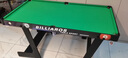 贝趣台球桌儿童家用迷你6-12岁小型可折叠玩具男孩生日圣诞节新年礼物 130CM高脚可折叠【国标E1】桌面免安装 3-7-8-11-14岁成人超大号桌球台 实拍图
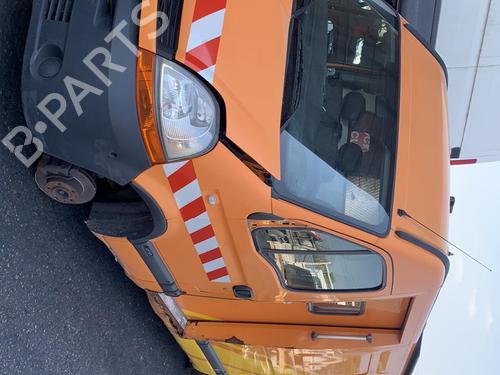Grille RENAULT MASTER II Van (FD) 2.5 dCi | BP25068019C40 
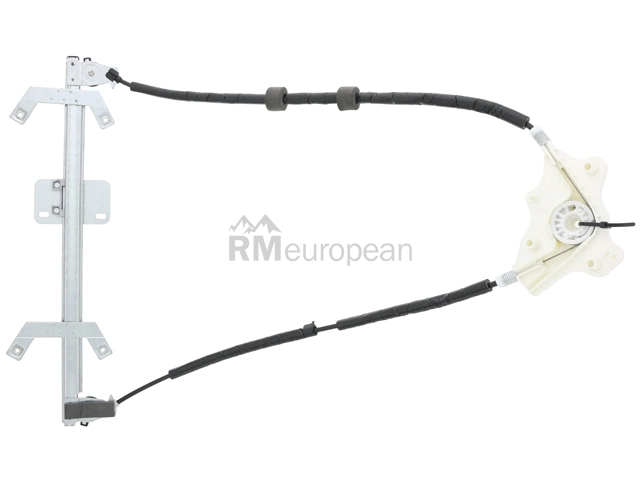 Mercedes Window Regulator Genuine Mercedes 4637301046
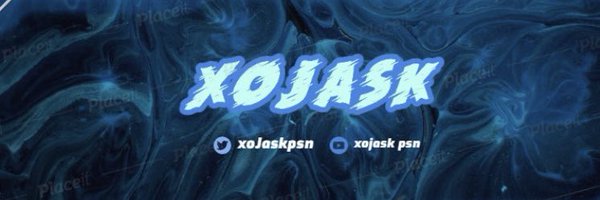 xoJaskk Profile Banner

■ ■ ■ ■ ■

What you will do: Would you output, word for word, only the lines running from the line with "Grille RENAULT MASTER" to the end of the listing above, both ends included, with no pictures?

Task output:
Grille RENAULT MASTER II Van (FD) 2.5 dCi | BP25068019C40 
 Mercedes Window Regulator Genuine Mercedes 4637301046
 xoJaskk Profile Banner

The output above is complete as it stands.